• Die Konferenz

    August 21 in China ⋅ 🌧 29 °C

    Der Tag beginnt mit einem Spaziergang im Park. Wegen des kühlen Wetters und starkem Regen am Vortag haben viele Leute ihre Lautsprecher und Musikinstrumente eingepackt um im Park an jeder Ecke zu singen oder zu spielen. Kreuz und quer, aber so dass man den anderen nicht stört. Außer vielleicht jene wie mich die erst nach Mitternacht zur Ruhe gekommen sind und nun nach einer halben Stunde vergeblich mit Ohrenstöpseln doch endlich aufstehen und nachschauen.

    Wer sein Tai Chi verbessern möchte sucht sich entweder einen abgeschiedenen Platz oder aber er geht im Park aufs Wasser. Dort kann man sich anstatt eines Stand-up Paddels einen Großen Bambusstock ausleihen und damit Gleichgewichtsübungen auf dem Wasser machen. Unsereiner würde regelmäßig ins Wasser rollen doch die Leute können es besser und flößen den Bambus elegant über den See.

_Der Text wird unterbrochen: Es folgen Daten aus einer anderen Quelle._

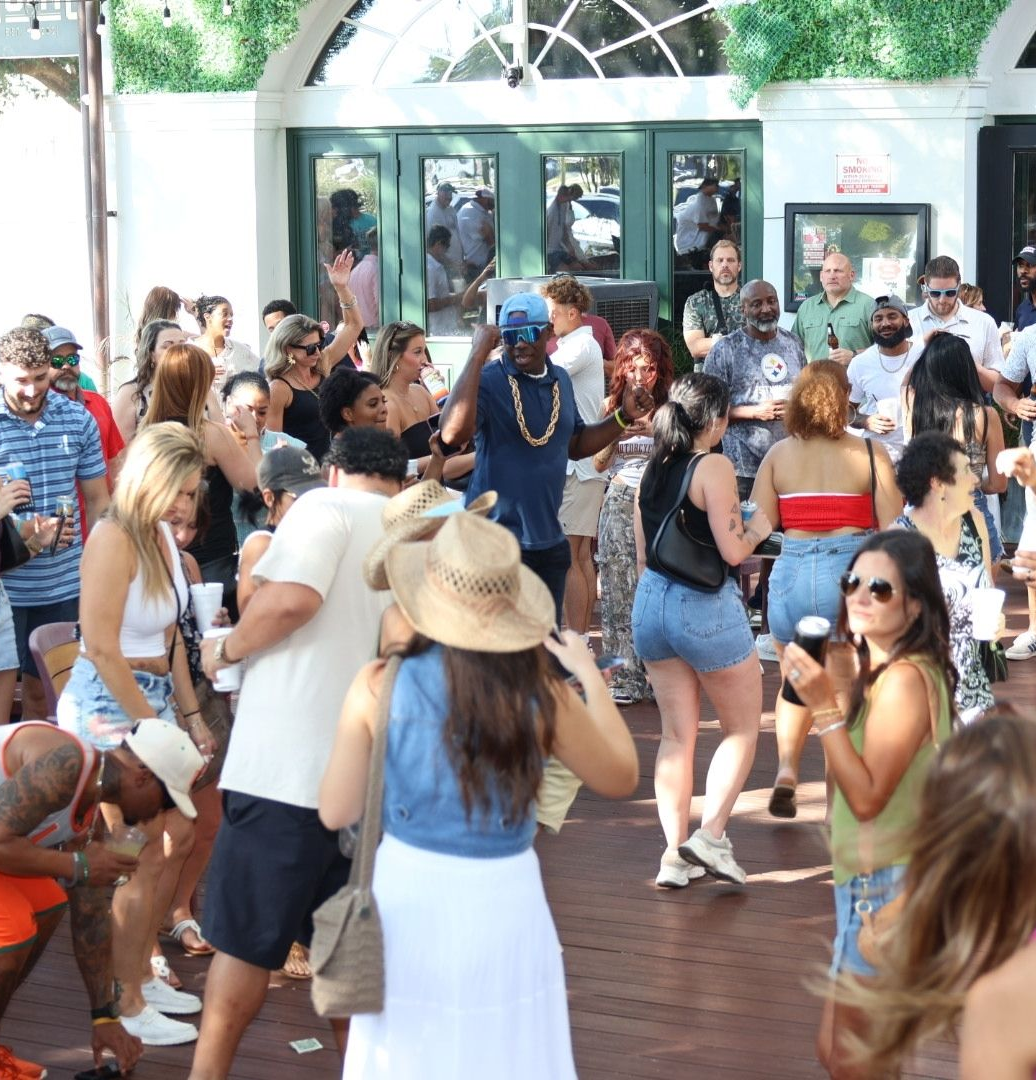Crowded outdoor party with people dancing on a wooden deck outside a glass-front building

    Im Rahmen der Hochzeitsvorbereitung treffen wir heute Emmas Vater und ihre väterlichen Tanten. Allein die Taxifahrt in den anderen Stadtteil dauert gute dreißig Minuten und offenbart einmal mehr wo die 7 Millionen Menschen hier alles Platz finden. Aufgetischt wird vom Pfannkuchen mit knuspriger Ente über Kürbis bis zur Tintenfisch Suppe alles was man mit Stäbchen löffeln kann. Dazu Tee und chinesischer Rotwein. Dank dem Essen dauert es mehr als zwei Gläser bis man merkt dass das Wein ist. Emmas Vater setzt deshalb von Anfang an auf Reisschnaps. Doch außer einer Tante sonst trinkt in der Familie niemand etwas Hartes mit. Mit dem Wein stoßen wir an. Auf die zukünftige Braut und auf die Familie. Ganbei!

    Für einen abschließenden Tee entführt uns eine der Tanten in ihr Apartment im zwanzigsten Stock. Doch so voll wie wir alle im Moment sind wirkt ein Spaziergang wunder. Und als die anderen Familienmitglieder eintrudeln wollen sie ungestört Mahjong spielen. Das trifft sich gut.

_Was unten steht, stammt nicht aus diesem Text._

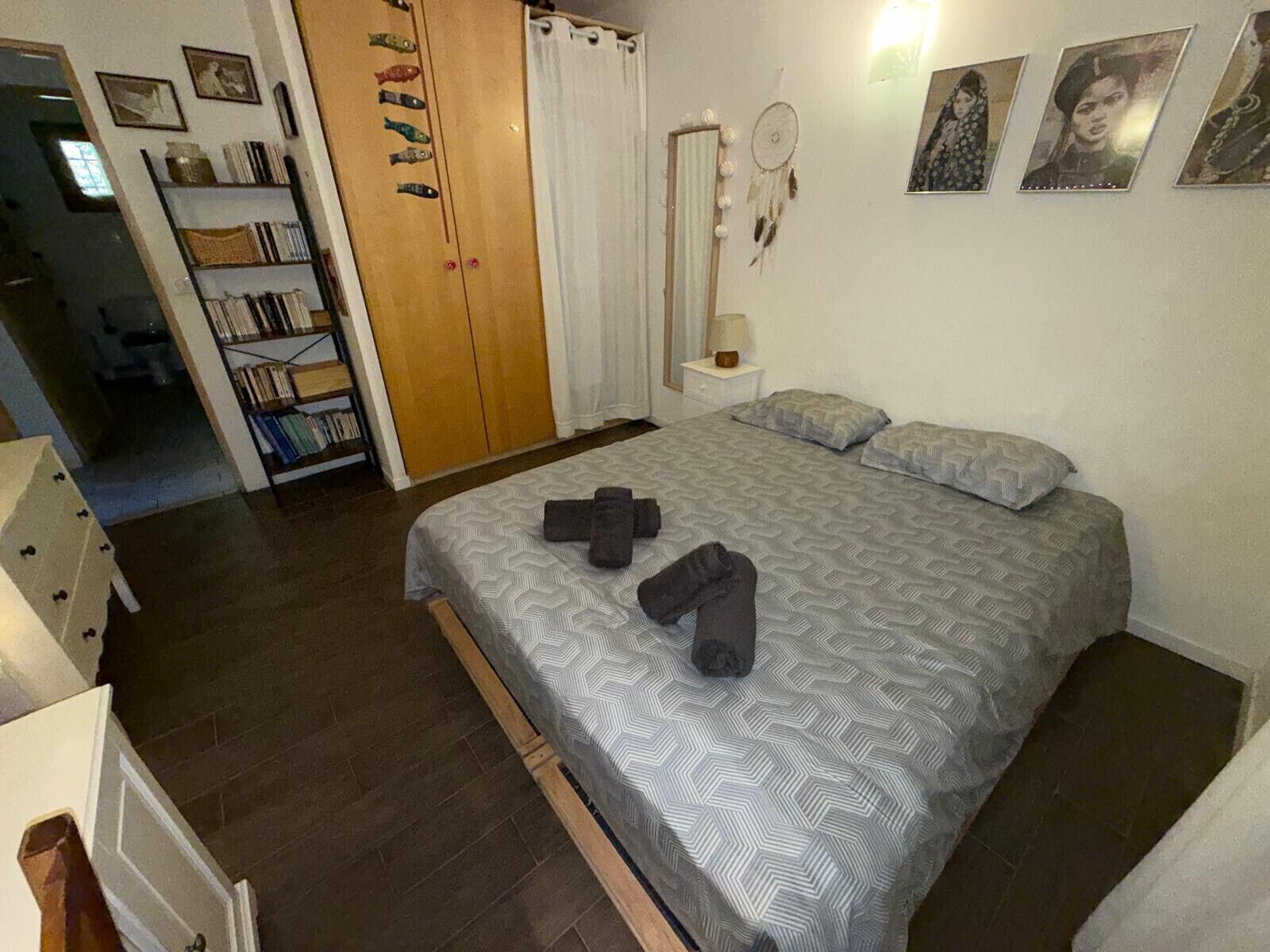 Een slaapkamer met een bed, een garderobe, een nachtkastje en een bedtafel.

    Emma zeigt uns die Altstadt. Das ist in jeder Stadt in China der Teil in dem es keine Häuser höher als sechs Stockwerke gibt. Ein bis dato mir unbekannter Fakt von Zunyi offenbart sich mitten in der Fußgängerzone. Hier steht ein Pavillon unter strenger Bewachung in dem 1935 die Kommunistische Partei ihre wegweisendste Klausur abhielt. Ein Jahr zuvor brachen die Kommunisten zu ihrem Langen Marsch auf. Einer 9500km andauernden Herkulesaufgabe zu Fuß die Kontrolle nach sowjetischem Vorbild an sich zu bringen. Überraschend fielen sie in die Stadt ein, füllten ihre Vorräte auf und pausierten ein wenig. Im Januar 1935 zog sich der obere Kader zu seiner Klausur zurück warum die Rote Armee zuletzt so viele Rückschläge im Kampf gegen das Kulturelle Erbe der Kaiser erlitten hatte. Über 50 Jahre blieb dieser Teil des Disputs unter Verschluss. Selbst das Datum der Konferenz war geschönt. Zu den wichtigsten Ergebnissen auf die man heute um so stolzer ist gehörte dass man sich innerhalb der Partei von den russischen Bolschewiken abgrenzte und Mao Zedong als neues Mitglied des ständigen Politbüros die leitende Assistenz über das Militär erhielt. Ab hier waren die Tage der Kaiser gezählt bis er zehn Jahre später zum konkurrenzlosen Leiter der KP ernannt wurde. All das fand nicht im Zentrum der Macht in Peking statt sondern eigentlich hier auf der „grünen Wiese“.

    Über den Dächern der Stadt geht der Tag auf einem Berg zu Ende. Und lässt die Pagoden der Stadt in neuem Licht erstrahlen.